Here’s a pickling recipe that works for ramps and also a number of spring/summer crops such as scallions and radishes. You’ll need a sterilized, 1 quart jar with a tight-sealing lid.

  • bunch of fresh ramps
  • 2 good pinches kosher or coarse sea salt
  • 1 cup / 236 mL white wine vinegar
  • ¾ cup / about 177 g sugar
  • 1 tsp white mustard seed
  • 2 tsp mix of peppercorns (black, pink, white, green, whatever you can find)
  • ½ tsp dried fennel seed
  • ½ cumin seed
  • 1 bay leaf
  • 1 cup / 236 mL water

Thoroughly rinse the soil off the ramps. Trim their bottom threads off. Cut them to about an inch above where the green sections sprout out of the white and purplish parts. Prepare an ice bath in a medium sized bowl. 

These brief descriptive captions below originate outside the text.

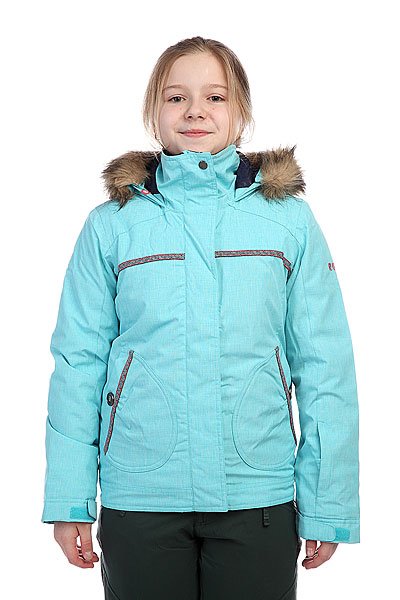 Куртка детская Roxy Hazy Jk Capri от BOARDRIDERS Куртка детская Roxy Hazy Jk Capri от BOARDRIDERS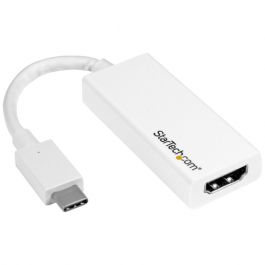 Conversor Adaptador USB-C a HDMI Blanco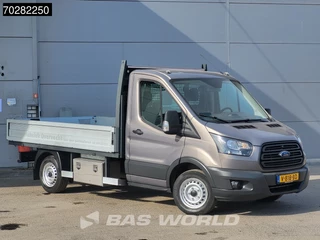 Ford Transit Ford Transit 105pk Open Laadbak Airco Cruise Euro6 Pritsche Pickup Open Box Airco Trekhaak Cruise control - afbeelding nr 3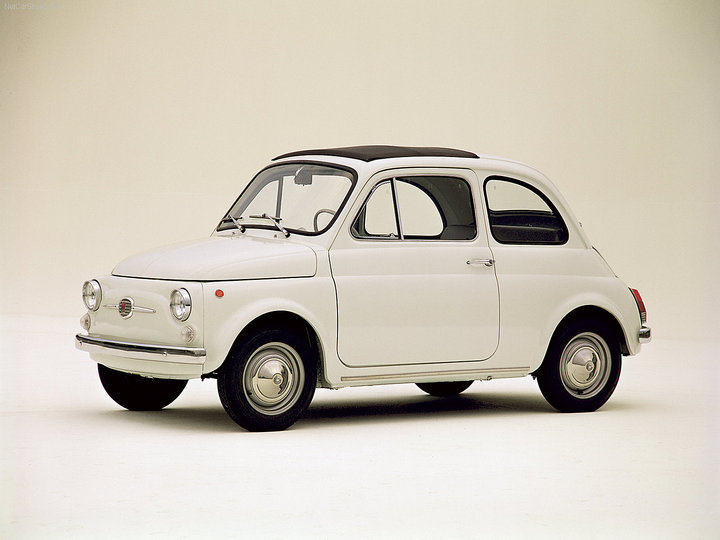 Italy vs Germany: Design Classics: Fiat 500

Prepare the ramps by flash boiling them in enough salted water to cover for about 30 seconds, then quickly transfer them with a slotted spoon to the ice bath until cooled. Place in the jar.

Combine all the remaining ingredients in a saucepan, spices and all, and bring to a boil over medium-high heat. Stir until the sugar is dissolved, a couple of minutes. Pour the mixture into the jar over the ramps and seal. Let cool to room temperature. Gently turn it over once or twice to mix. Cool in refrigerator at least overnight before using. Should store in the fridge two weeks to a month. (These are also delicious on sandwiches, tacos, as a soup garnish, and Bloody Marys!)